IBM provided a system with 256 physical devices, commected via fiber to a switch. The switch was then connected to 4 fiber channel controllers ( QLA2300 ) , which caused the operating system to discover and configure 1024 disk devices. The devices were partitioned into 5 partitions, which allowed > 1024 disk partitions to be mounted and accessed.
In this configuration >4096 disk partitions were available to test. Linux would allows us to mount all these partitions, but the results of such mount operations would be indeterminate, due to the overlay. Disktest was used to test IO to the raw partitions, read tests were run to 4096 disks.

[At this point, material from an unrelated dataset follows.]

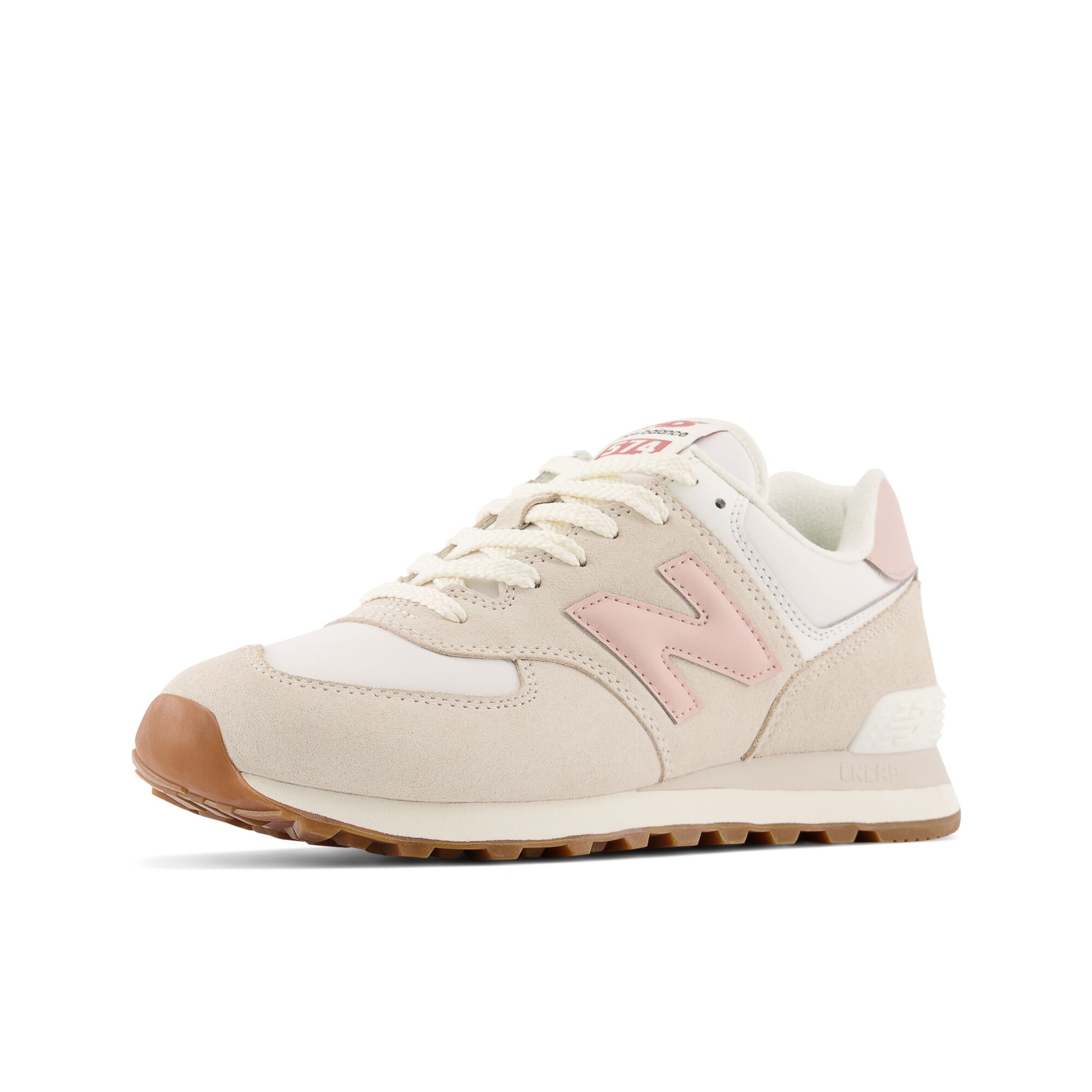 new balance Rövid szárú edzőcipők  világos bézs / fehér / rózsaszín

For file system operations, the four partitions on each drive we mkfs's and mounted. Per Badari, maximum IO for this configuration was ~3 GBit/sec. Most of the filesystem IO operations caused substantial IO wait. The iozone and reaim tests were used to drive small amounts of IO to each partition. No significant problems were exposed by the testing, the system was not configured for very large io. With all disks divided into the maximum 15 partitions ( one extended partition was not mountable ) 3584 disk partitions were created and mounted. ( 3587 total devices mounted )
Scripts available here were created to count, configure and run some IO operations against the disks. ( See Tools/Tarballs ).
Other
SuSE's hwscan program takes a very long time to finish ( 10-15 minutes ) and uses up a bunch of CPU. Kernel complains about depreciated SCSI ioctl in use.
hotplug agent programs ( scsi.agent, etc ) also produce a big load spike at inital boot, but run quite quickly
No resource bottlenecks found other than the above long startup time.
Was able to saturate the fiber with 100-150 spindles of disk, depending on the test.
I am uncertain as to the ability of the measurement tools - iostat did not report correctly.
setup
We used several very simple approaches to create the disk layout. Most commonly, we created a flat text file for input to a simple script.